The purpose of this lesson is for students to count to answer “how many” questions about groups of up to 20 objects.

### Lesson Narrative

In previous units, students answered “how many” questions about up to 10 objects. With smaller groups of objects, students could sometimes figure out how many there were without counting. Students developed methods such as moving and counting objects, lining up objects, or placing and moving objects on a counting mat. This exploratory lesson provides formative data for teachers on how students apply counting concepts from previous units to larger groups of objects. Students will be introduced to the written numbers 11–20 over the course of the section and will have opportunities to practice tracing and writing the numbers. In this lesson, display written numbers whenever students share their count.

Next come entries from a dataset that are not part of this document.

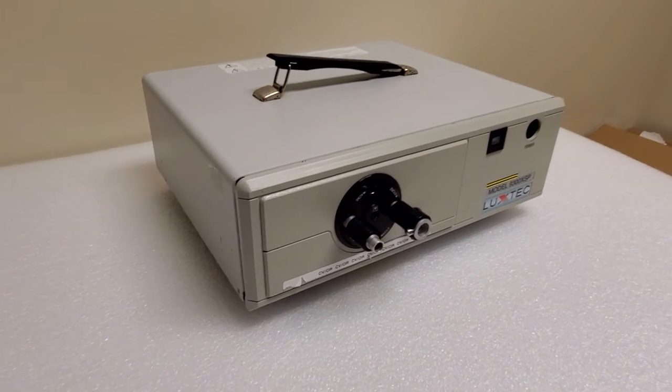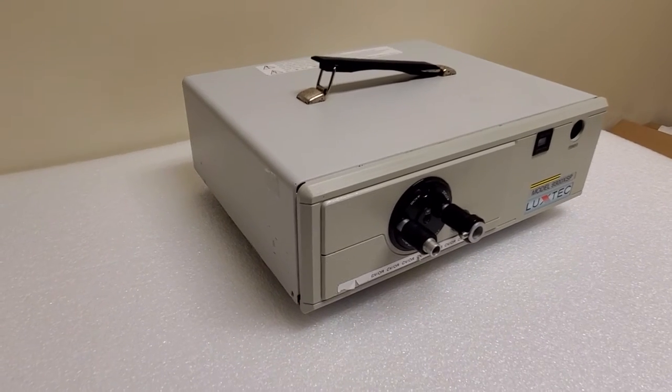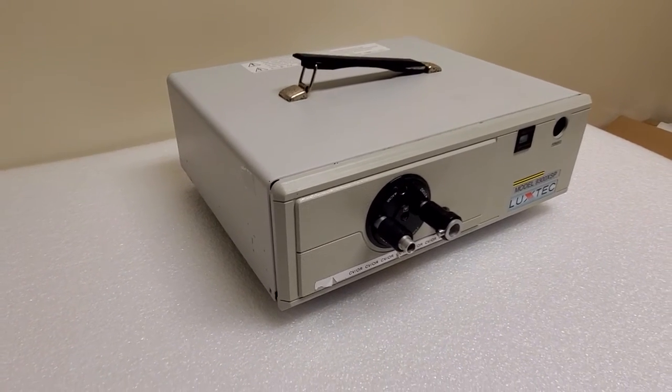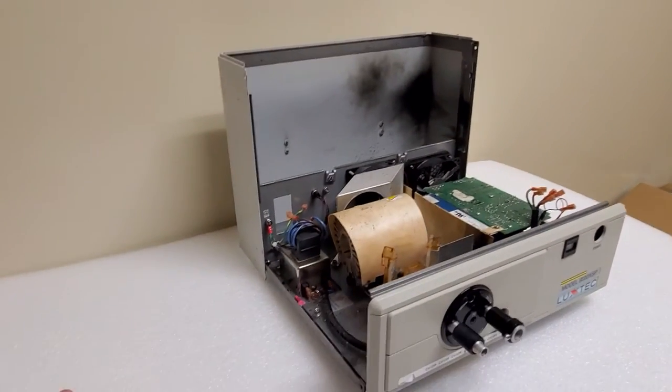Hello everyone, welcome back to A Better Biomed. Today I have something very special for you. Now this looks like your average everyday light source, but I promise you, this one is not. This one comes with included fireworks.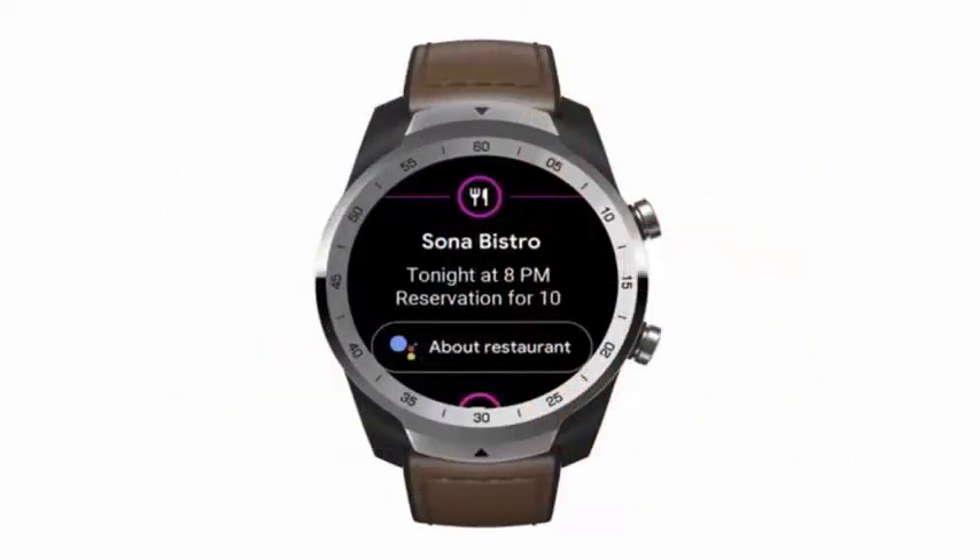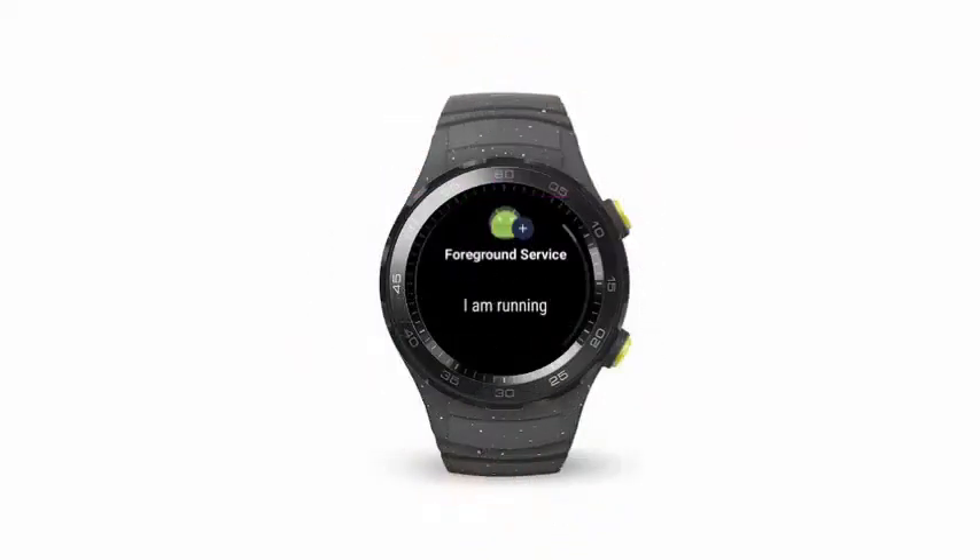The new update also allows Wear OS devices to better detect movement, so watches will enter deep sleep mode after 30 minutes of inactivity.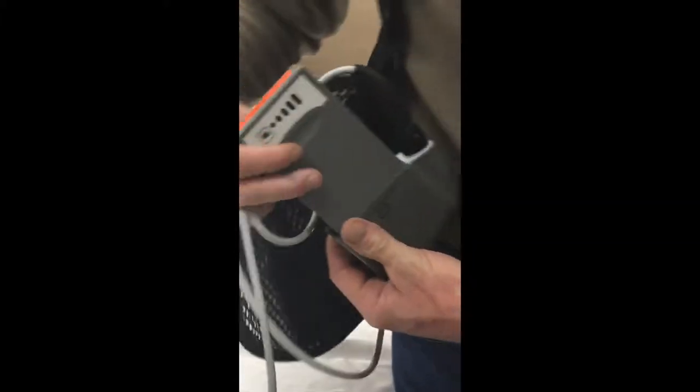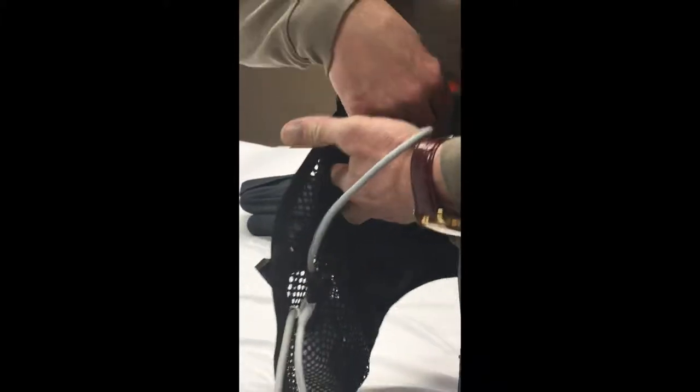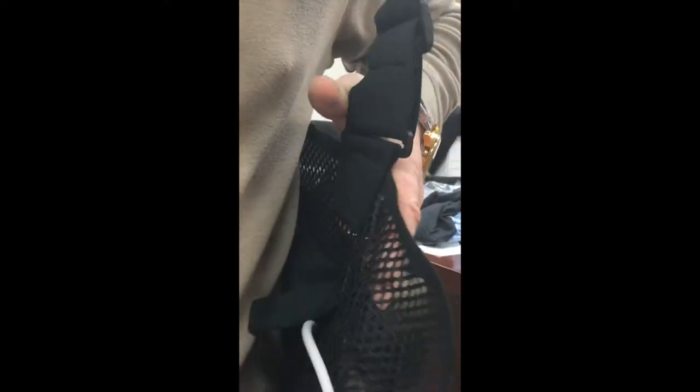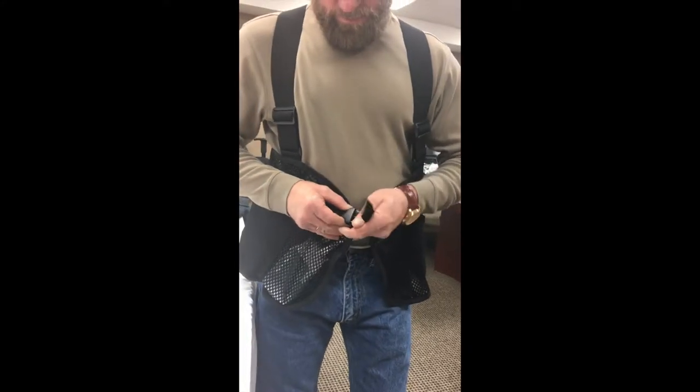The battery pockets are located just behind that, positioned directly underneath the arms to reduce the fatigue on your back. They go in like that, and then they seal shut with Velcro and buckle shut.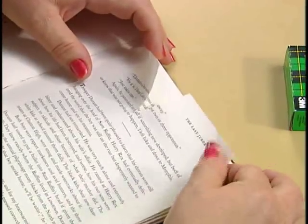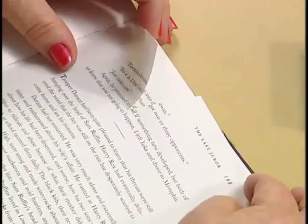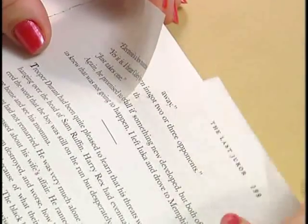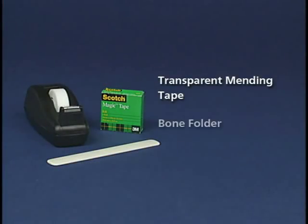A cut leaves no overlapping edges, so liquid adhesive won't hold. For most books, it is acceptable to use a high-quality mending tape to repair a cut page. You need only mending tape and a bone folder. Avoid any other type of tape and be especially careful not to use cellophane tape.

Students can be invited to bring objects from home to use in counting collections throughout this unit and in centers. The objects in the collections should be small enough to fit on a counting mat, such as buttons, counting bears, coins, connecting cubes, or two-color counters.

• Action and Expression
• MLR8

### Learning Goals

Teacher Facing

• Answer “how many” questions about groups of up to 20 objects.

### Student Facing

• Let’s figure out how many objects are in our collections.

### Required Materials

Materials to Gather

Materials to Copy

• Number Race Stage 2 Recording Sheet for Tracing
• Number Mat 11–20

### Required Preparation

Activity 1:

• Each student needs a collection of 11–20 objects.

Activity 2:

• Create a pile of 4 connecting cubes to display.
• Create a pile of 13 connecting cubes to display.
• Students need the collections of 11-20 objects from the previous activity.

Activity 3:

• Gather materials from:
• Subtraction Towers, Stage 1
• 5-frames, Stages 1 and 2

### Lesson Timeline

 Warm-up 10 min Activity 1 10 min Activity 2 10 min Activity 3 25 min Lesson Synthesis 5 min Cool-down 0 min

### Teacher Reflection Questions

How have 5- and 10-frames supported students in keeping track of and accurately counting groups of objects?